**Data supplied:**
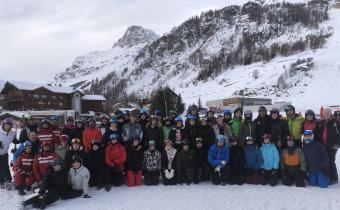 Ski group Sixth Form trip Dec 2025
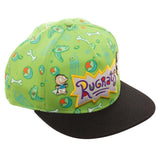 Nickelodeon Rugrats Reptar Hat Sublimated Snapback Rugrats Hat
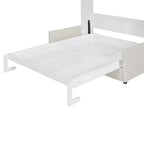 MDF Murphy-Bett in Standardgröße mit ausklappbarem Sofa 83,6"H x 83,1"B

==

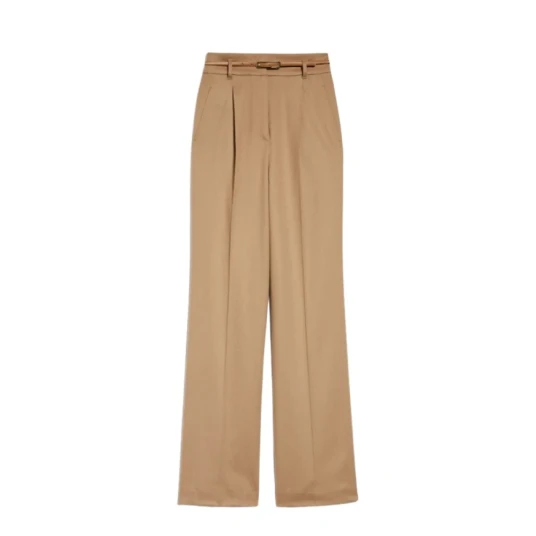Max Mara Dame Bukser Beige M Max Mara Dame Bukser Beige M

* * *

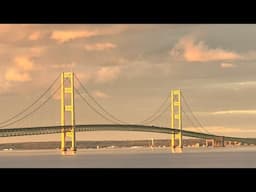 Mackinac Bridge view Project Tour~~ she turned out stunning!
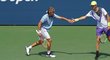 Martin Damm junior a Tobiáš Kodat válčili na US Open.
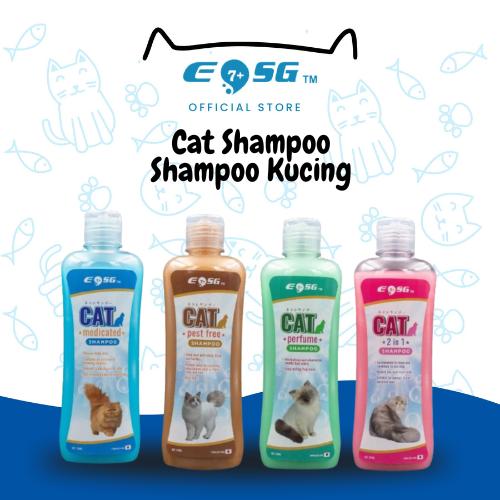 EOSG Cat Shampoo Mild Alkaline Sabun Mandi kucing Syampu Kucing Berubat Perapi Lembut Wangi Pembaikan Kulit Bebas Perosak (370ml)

**Required work:** Using the records above, return verbatim only the part that opens with the line containing "Martin Damm junior" and closes with the line containing "EOSG Cat Shampoo"; pictures stay out.

**Exercise answer:**
 Martin Damm junior a Tobiáš Kodat válčili na US Open.
 EOSG Cat Shampoo Mild Alkaline Sabun Mandi kucing Syampu Kucing Berubat Perapi Lembut Wangi Pembaikan Kulit Bebas Perosak (370ml)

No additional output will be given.